The solution is straightforward by swapping the integers as required by the problem.

B. Warehouse

The warehouse can be viewed as a two-dimensional array. If '+1' is met, we just enumerate the positions from the given one to the final one in the order required by the problem, and put the drink into the first empty box if there exist any. If '-1' is met, we can enumerate from the first position to the final one, and if any one that has the same ID is found, we just output the corresponding position; otherwise output "-1 -1".

C. Fire Again

Suppose that the position at which the fire begins is denoted as (f1,f2). Then, for any position (r,c), the fire gets to it after time |r-f1|+|c-f2|, which is referred to as Manhattan Distance as far as I consider. Therefore, we can first enumerate the positions where fire starts, and for each such position, we enumerate every feasible position and calculate the time when the fire arrives at it.
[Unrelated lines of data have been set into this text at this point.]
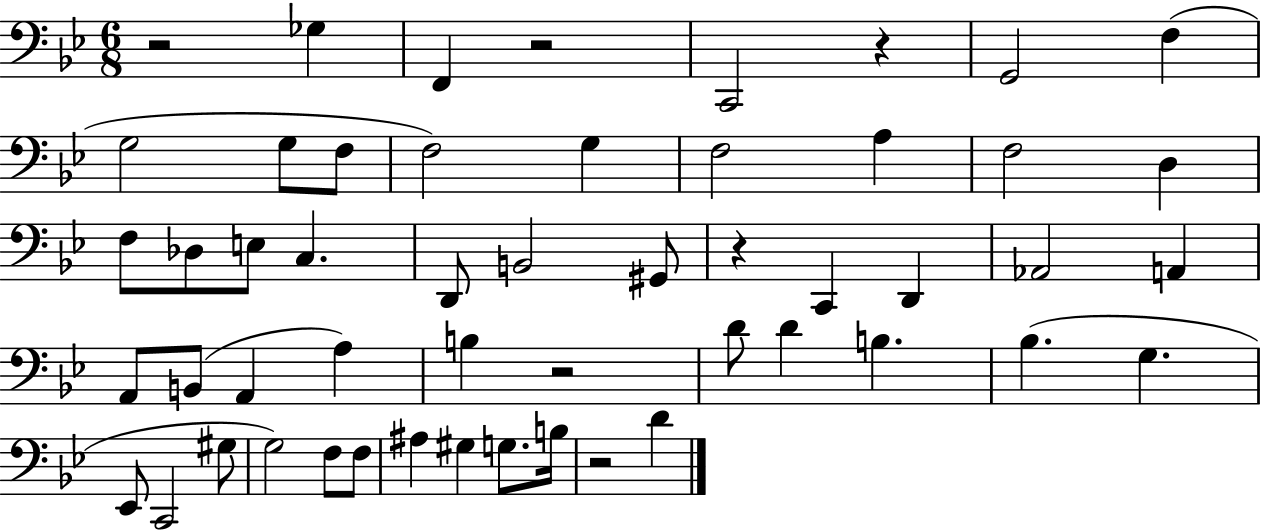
X:1
T:Untitled
M:6/8
L:1/4
K:Bb
z2 _G, F,, z2 C,,2 z G,,2 F, G,2 G,/2 F,/2 F,2 G, F,2 A, F,2 D, F,/2 _D,/2 E,/2 C, D,,/2 B,,2 ^G,,/2 z C,, D,, _A,,2 A,, A,,/2 B,,/2 A,, A, B, z2 D/2 D B, _B, G, _E,,/2 C,,2 ^G,/2 G,2 F,/2 F,/2 ^A, ^G, G,/2 B,/4 z2 D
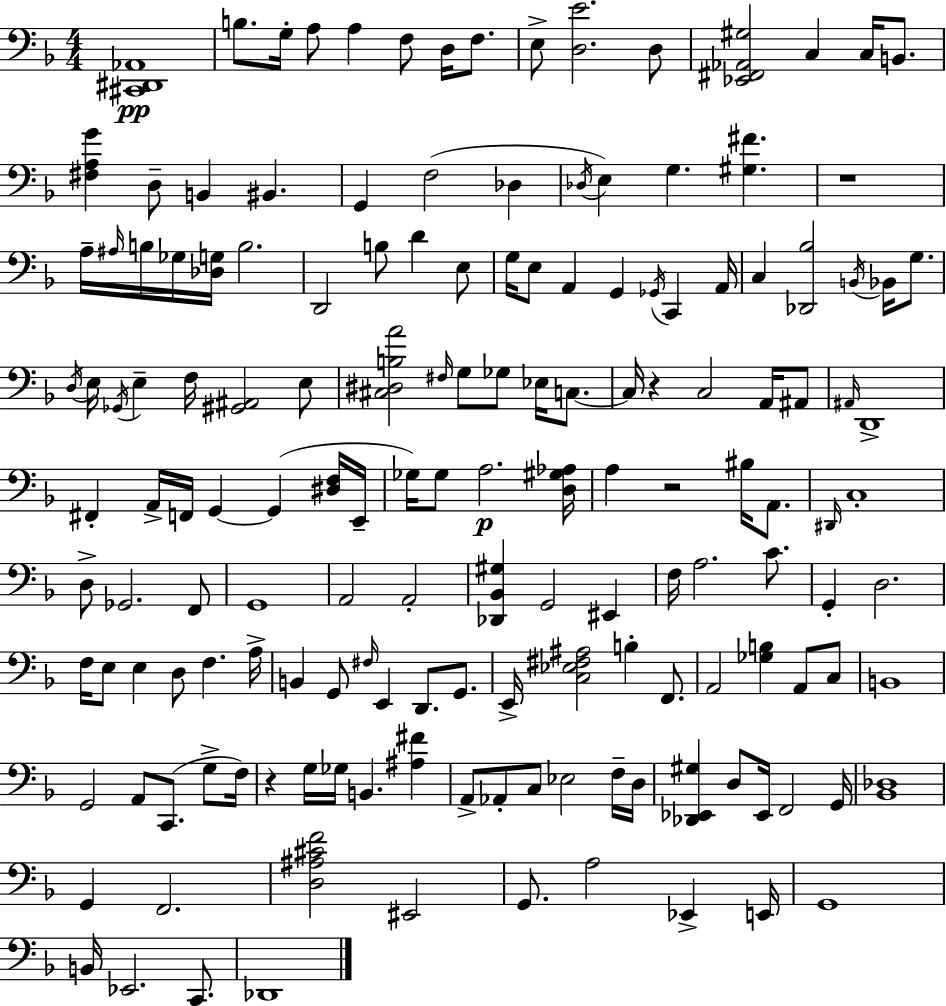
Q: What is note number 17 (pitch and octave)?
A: F3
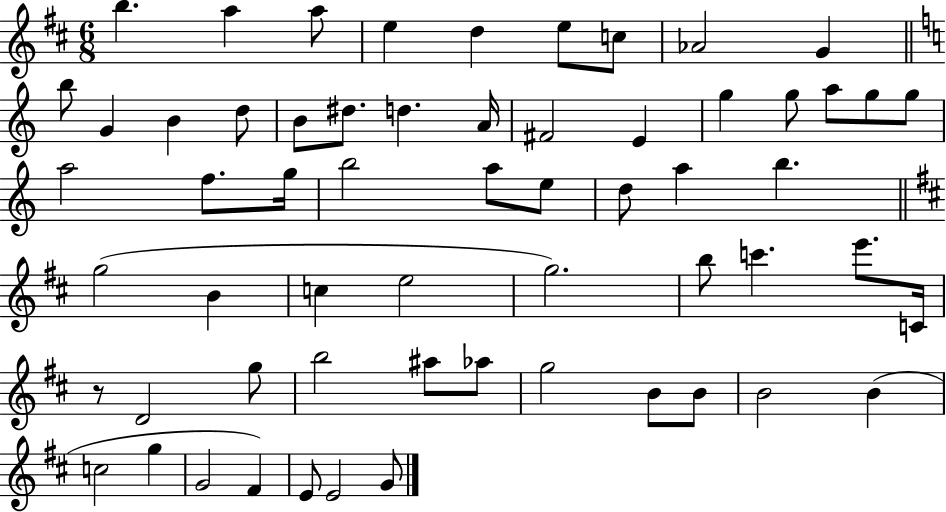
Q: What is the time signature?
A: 6/8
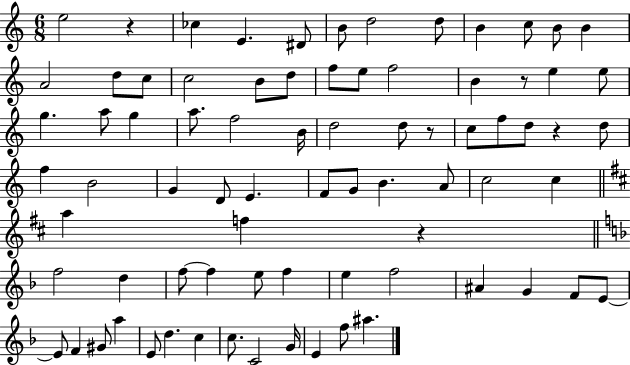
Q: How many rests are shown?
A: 5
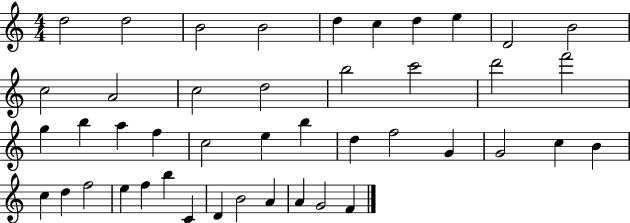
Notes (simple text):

D5/h D5/h B4/h B4/h D5/q C5/q D5/q E5/q D4/h B4/h C5/h A4/h C5/h D5/h B5/h C6/h D6/h F6/h G5/q B5/q A5/q F5/q C5/h E5/q B5/q D5/q F5/h G4/q G4/h C5/q B4/q C5/q D5/q F5/h E5/q F5/q B5/q C4/q D4/q B4/h A4/q A4/q G4/h F4/q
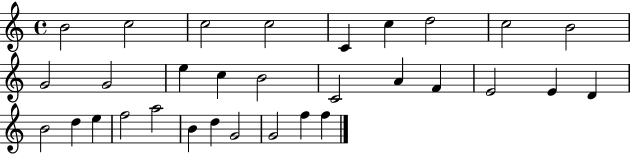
X:1
T:Untitled
M:4/4
L:1/4
K:C
B2 c2 c2 c2 C c d2 c2 B2 G2 G2 e c B2 C2 A F E2 E D B2 d e f2 a2 B d G2 G2 f f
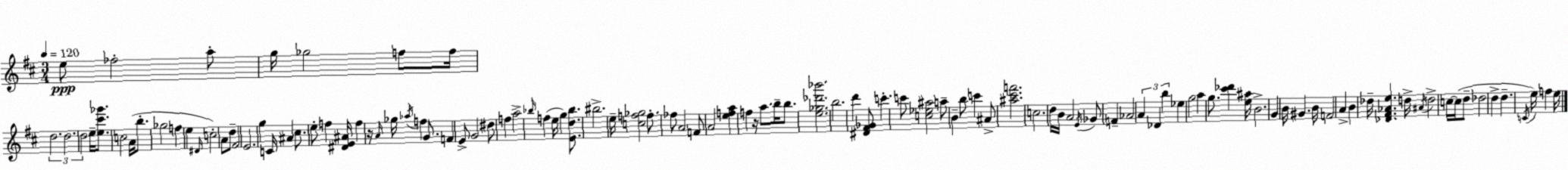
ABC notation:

X:1
T:Untitled
M:3/4
L:1/4
K:D
e/2 _f2 a/2 g/4 _g2 f/2 f/4 d2 d2 d2 e/4 [e^c'_g']/2 c2 A/4 b/2 _g2 f e ^D/4 c2 A/2 d/2 ^F2 E2 g C/4 ^A ^c/2 e/2 f [^DE^A]/4 f z/4 A/4 _g/4 _a/4 f G/2 F E/2 G2 ^d/2 f a2 _b/4 f e/4 g [Ed_b]/2 ^b2 e/4 [cf_g]2 f/2 _f/2 A2 F/2 A2 [efa] f z/4 a/2 b/4 b/2 [e_g_d'_b']2 b2 d' [^D^F_G]/2 c' c'/2 [c_e^a]2 a/2 B b/2 c' ^A/2 [^a^c'f']2 c2 d/4 B/4 A2 E/4 _G/2 F _A2 A _D b _e g2 a g/2 [^c'_d'] [e^a]/4 B2 G B/4 ^G B/4 F2 A B _d/4 [_D^F_Ae] d/4 ^A/4 d2 c/4 c/4 d/2 _d2 d d C/4 e/4 f e/4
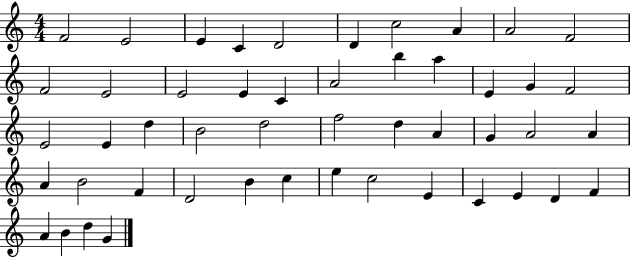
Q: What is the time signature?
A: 4/4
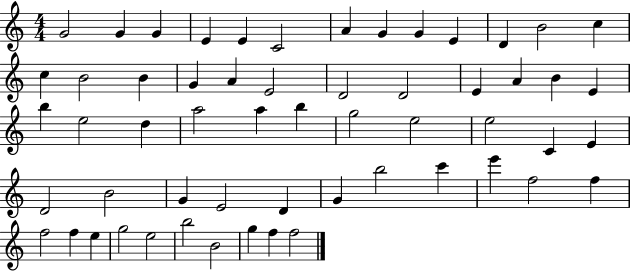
{
  \clef treble
  \numericTimeSignature
  \time 4/4
  \key c \major
  g'2 g'4 g'4 | e'4 e'4 c'2 | a'4 g'4 g'4 e'4 | d'4 b'2 c''4 | \break c''4 b'2 b'4 | g'4 a'4 e'2 | d'2 d'2 | e'4 a'4 b'4 e'4 | \break b''4 e''2 d''4 | a''2 a''4 b''4 | g''2 e''2 | e''2 c'4 e'4 | \break d'2 b'2 | g'4 e'2 d'4 | g'4 b''2 c'''4 | e'''4 f''2 f''4 | \break f''2 f''4 e''4 | g''2 e''2 | b''2 b'2 | g''4 f''4 f''2 | \break \bar "|."
}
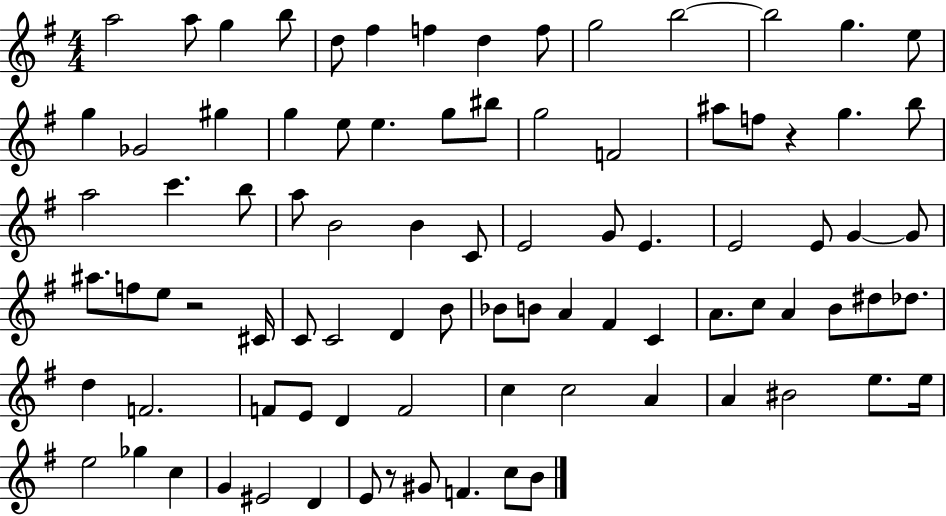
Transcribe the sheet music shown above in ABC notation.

X:1
T:Untitled
M:4/4
L:1/4
K:G
a2 a/2 g b/2 d/2 ^f f d f/2 g2 b2 b2 g e/2 g _G2 ^g g e/2 e g/2 ^b/2 g2 F2 ^a/2 f/2 z g b/2 a2 c' b/2 a/2 B2 B C/2 E2 G/2 E E2 E/2 G G/2 ^a/2 f/2 e/2 z2 ^C/4 C/2 C2 D B/2 _B/2 B/2 A ^F C A/2 c/2 A B/2 ^d/2 _d/2 d F2 F/2 E/2 D F2 c c2 A A ^B2 e/2 e/4 e2 _g c G ^E2 D E/2 z/2 ^G/2 F c/2 B/2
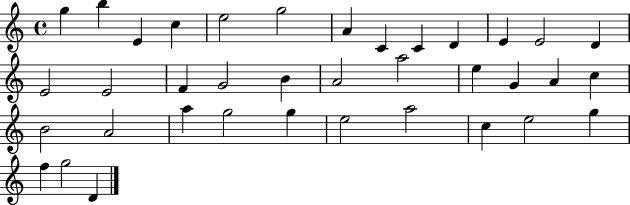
{
  \clef treble
  \time 4/4
  \defaultTimeSignature
  \key c \major
  g''4 b''4 e'4 c''4 | e''2 g''2 | a'4 c'4 c'4 d'4 | e'4 e'2 d'4 | \break e'2 e'2 | f'4 g'2 b'4 | a'2 a''2 | e''4 g'4 a'4 c''4 | \break b'2 a'2 | a''4 g''2 g''4 | e''2 a''2 | c''4 e''2 g''4 | \break f''4 g''2 d'4 | \bar "|."
}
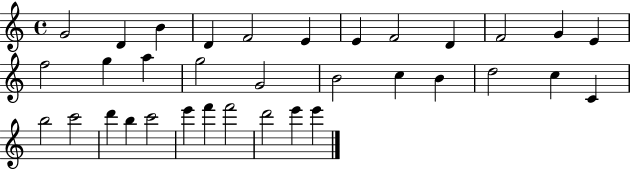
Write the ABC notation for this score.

X:1
T:Untitled
M:4/4
L:1/4
K:C
G2 D B D F2 E E F2 D F2 G E f2 g a g2 G2 B2 c B d2 c C b2 c'2 d' b c'2 e' f' f'2 d'2 e' e'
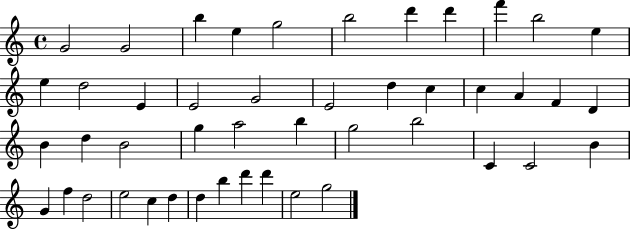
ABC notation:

X:1
T:Untitled
M:4/4
L:1/4
K:C
G2 G2 b e g2 b2 d' d' f' b2 e e d2 E E2 G2 E2 d c c A F D B d B2 g a2 b g2 b2 C C2 B G f d2 e2 c d d b d' d' e2 g2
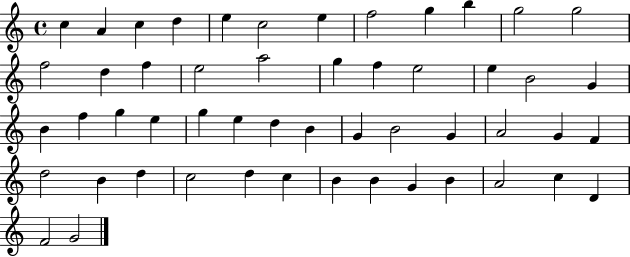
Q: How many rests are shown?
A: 0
As all the fires start at the same time, we should only record the shortest time when the fire gets to some position during the above enumerating process. Finally, we enumerate all the positions again and find out which is the last one that the fires reach. The total complexity is O(NMK).

Later, I noticed that some people used another simpler method. The formula |r-f1|+|c-f2| in fact has shed some light on this idea. It can be observed that the first term |r-f1| and the second one |c-f2| are independent of each other. Therefore, it is not necessary to enumerate positions "r" and "c" at the same time, but can be implemented respectively. In other words, we can first enumerate "r" and record the time when the fire gets to it, and then repeat this for "c". Finally, we find out the largest "r" and "c", and combine them as the position, which serves as the answer.

D. Animals

As provided by the problem, c[1],c[2],...,c[n] denotes the food that an animal eats every day if it arrives at the farm on the i-th day. We can further calculate the total amount of food that an animal eats if it joins the farm, which can be written as f[1],f[2],....,f[n], where f[i]=c[i]*(n-i+1). As the problem asks to find out the maximum number of animals that can join the farm, it is equivalent to maximizing the number of terms in the sum f[i1]+f[i2]...+f[im] under the condition that f[i1]+f[i2]...+f[im]<=X. Therefore, we can first sort f[1],f[2],....,f[n] in an increasing order of their values. Then, we enumerate from the first one and count the number at the same time until the sum exactly exceeds X. The number just serves as the answer.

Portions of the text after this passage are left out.